After more than two hundred flights with my APM2 equipped quad, today, in the remotest of possible locations my quad failed to respond and attempted to fly away by itself! All I can say is thank goodness for Knobthorn trees.

I wanted to get some video of the area but didn't have my small cam with me so I attached my Galaxy Smartphone to the front of the quad, I have done this before and know that the video won't be that great (lots of jello) but will at least give an idea of the scenery. I waited for satellite lock and then hand launched (too much dust on the ground) just in front of where I was standing, I went slowly up to about 20m, hoverered then did a 180deg pirouette and slowly started descending back towards my position.

When the quad was about 3m from me and 2m off the ground I throttled up to stop the descent which was fine but now the quad was drifting forward slowly so I tried to tilt it backwards... suddenly I had that sickening realization that it wasn't responding, I wiggled the sticks...NOTHING!. I ran towards it but it was still drifting forward and climbing very slowly, now at about 2.5m. It continued very calmly and smoothly and I briefly considered throwing the only thing in hand (my transmitter) at it to try bring it down, but it flew on until it collided with a Knobthron tree at about 4m high.

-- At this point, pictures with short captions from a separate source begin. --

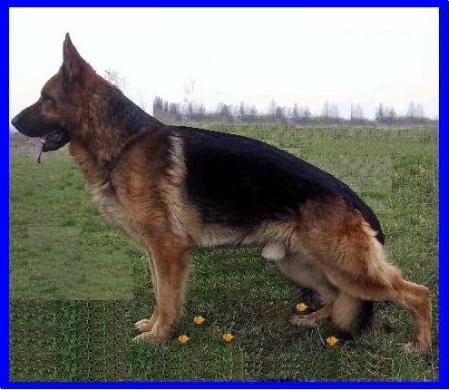 V Xeres Della Carlotta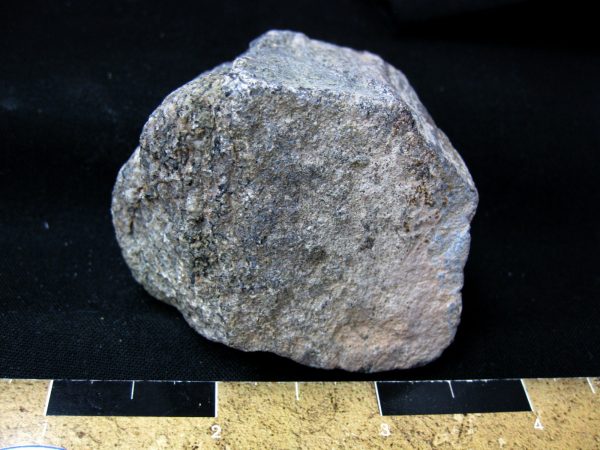 Polished Jurassic Dinosaur Bone #68 - Image 2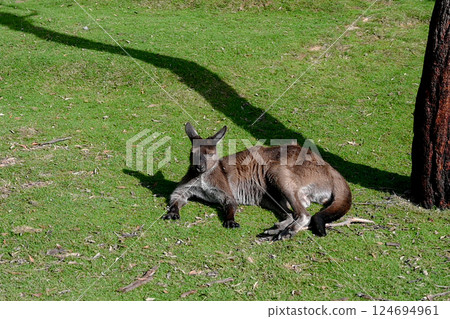 澳洲墨爾本月光保護區草地上的袋鼠 124694961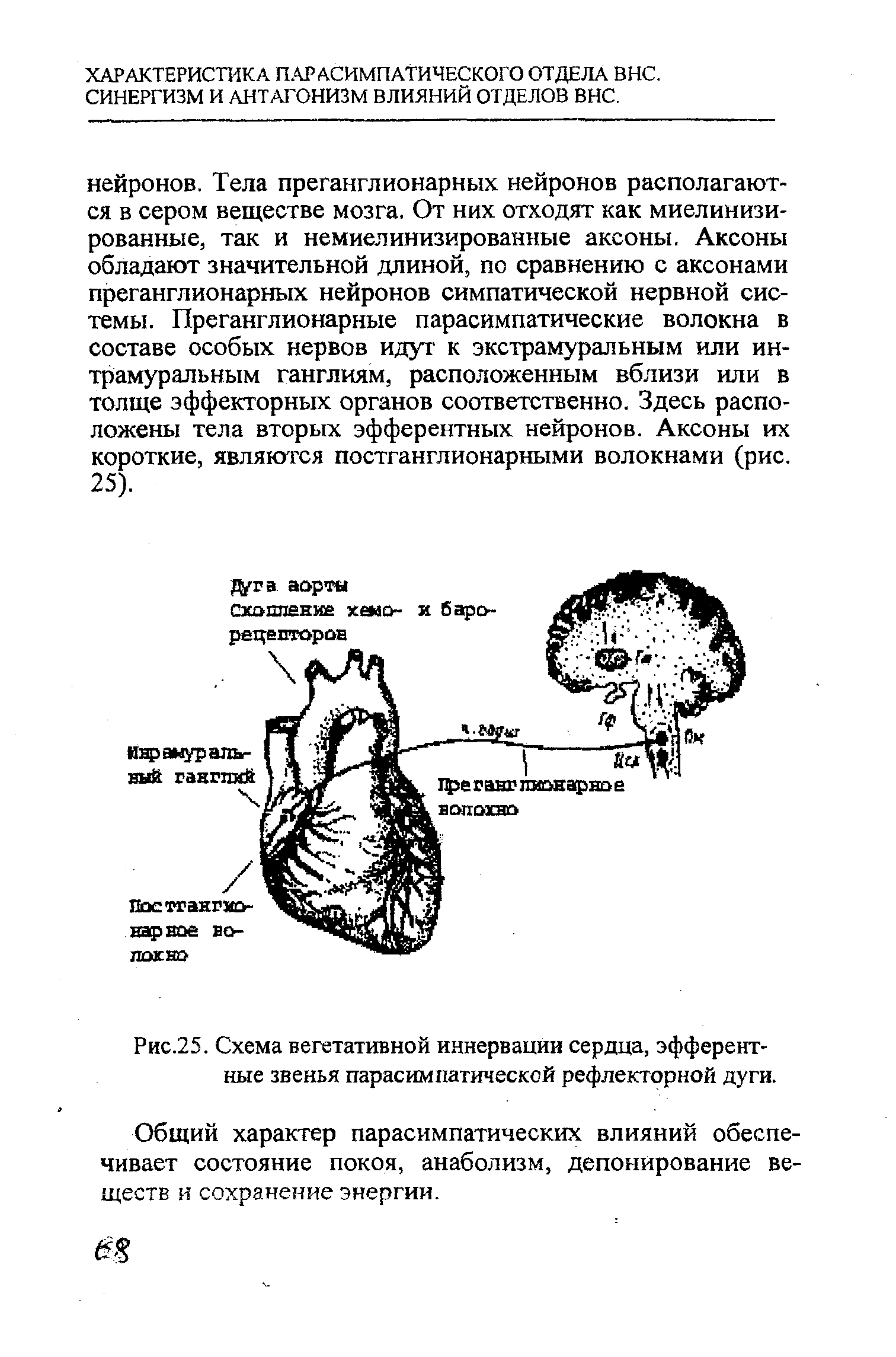 Рис.25. Схема вегетативной иннервации сердца, эфферентные звенья парасимпатической рефлекторной дуги.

3 motors were jammed by branches but one was still spinning away calmly. I wasn't... I was able to run to the nearby parked pickup and drive under the tree, reach up to unplug the battery and then get the quad down.

I have read the horror stories of fly-aways but one naturally never expects it to 'happen to me'.

- My radio is a tried and tested two year old Hitec Aurora 9 which has one of the most robust AFHSS 2.4GHz systems. The quad was 3m from me when it happened!

- My failsafe is setup correctly and double-tested, with the throttle channel going to 900ms on event of signal loss.

- All four my SS 30A ESC's (2A BEC) power the APM2 (each tested 0.09v of each other) effectively quadrupling the current capacity. I've never had a suggestion of a brownout.

So what happened? I don't know, I can't see anything definative in the logs (attached). If someone has any ideas I'd be very grateful!

As for now my faith in APM2 has been shattered, like an old friend you can no longer trust.

Views: 4334

Attachments:

Reply to This

Replies to This Discussion

Graham, so you're saying that if you remove power from the Rx, the PPM Encoder does the proper failsafe.  But if you pull the signal wires, then it flatlines...  But I guess you're talking about all 4 of those wires coming out, but you must be leaving wires 5-8 connected?

Sounds like a practical impossibility.

So as Randy says, if the PPM Encoder failed, but how?  

Back to the EMF blasting theory, is it possible for strong radiation to corrupt the processor?

Sorry, just double checked, pulling 1-4 out produces flatlines, pulling 5 out triggers failsafe (there's no 6-8).

But I have not been able to reproduce the same flatlines shown in the crash log.

Why does the APM need to be connected to look at a log? I would guess it is so it knows which version of AruPilot you are running. Can this information be determined from the log? thx

Not sure, whatever came on the board. As to digging deeper I think that's beyond my skill level and/or pay grade. Sorry.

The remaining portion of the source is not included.